The ExoMars mission blasted off seven months ago abord a Russian rocket from Baikonur Cosmodrome in Kazakhstan.
After its 56-million kilometre journey, the Schiaparelli lander separated from the spacecraft Trace Gas Orbiter and started a three-day descent to the surface.
Its primary aim on the red planet is to search for signs of past and present life by examining trace gases, such as methane.
Scientists believe that methane, a chemical strongly linked to life on Earth, could stem from micro-organisms that either became extinct millions of years ago, or are still alive.
Mark McCaughrean, a senior science adviser at the European Space Agency explained: “By going there with our new Trace Gas Orbiter we can hope to try to measure where it is coming from, see how it changes during the seasons, see where it is coming from on the surface, and hopefully we can tell the difference between it coming from sort of boring geology where rocks get changed in the presence of water under the surface or the more exciting possibility: life.”
Schiaparelli is Europe’s second attempt to land on Mars after a failed mission by the British landing craft Beagle 2 in 2003.
Once its supersonic parachute opens, a front shield falls away and a radar system starts monitoring the spacecraft’s altitude above the ground.
Then, the parachute and rear shield are jettisoned, allowing Schiaparelli’s propulsion systems to ignite and bring the craft down safely, cushioned by a crushable structure.

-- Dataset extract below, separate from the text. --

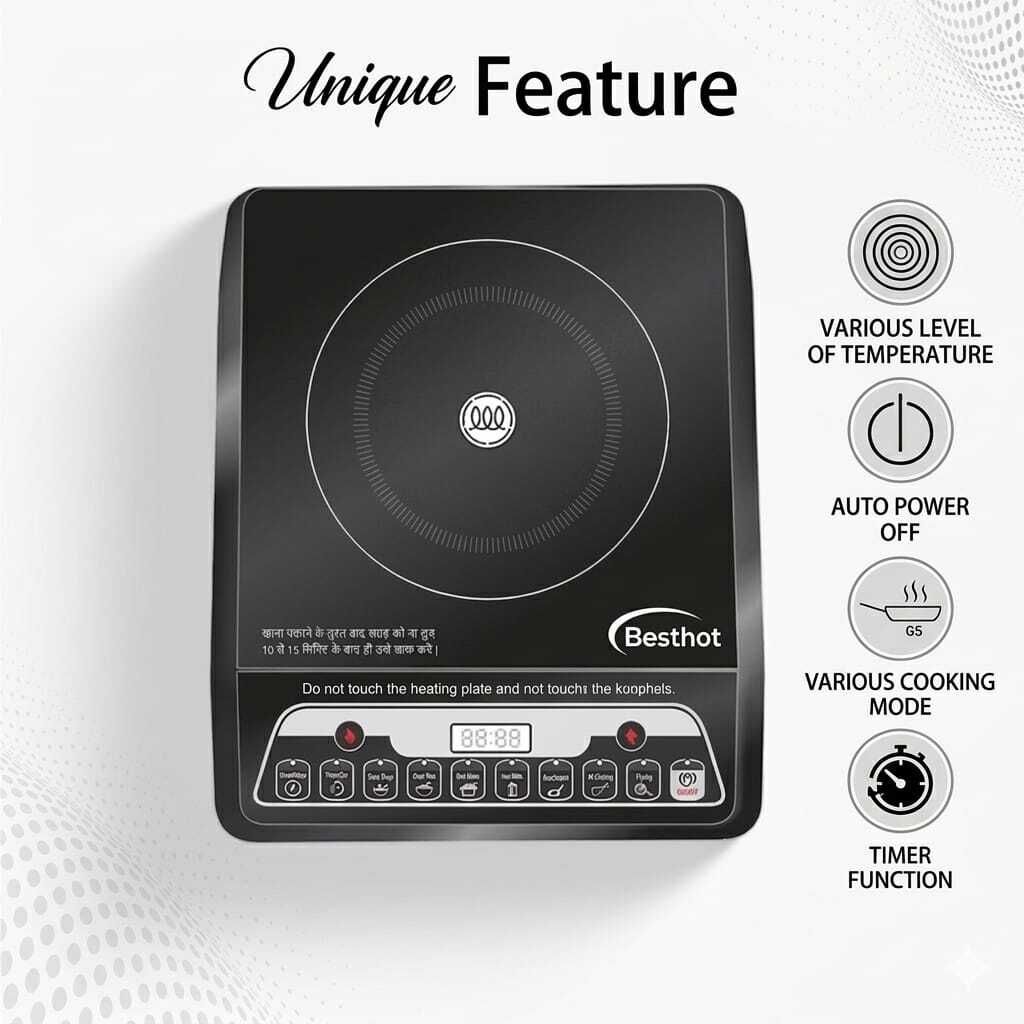 besthot 2000 W Induction Cooktop Push Button-picture-15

Until now, only the Americans have succeeded in operating on Mars.
NASA has two functioning rovers, Opportunity has been there since 2004 while Curiosity has been working since 2012; both are searching for signs of life on the red planet, most notably water.
Europe and Russia’s programme is a two-part mission, the second delayed to 2020, will deliver a European rover to the Martian surface, a rover capable of drilling into the ground and collecting samples for analysis.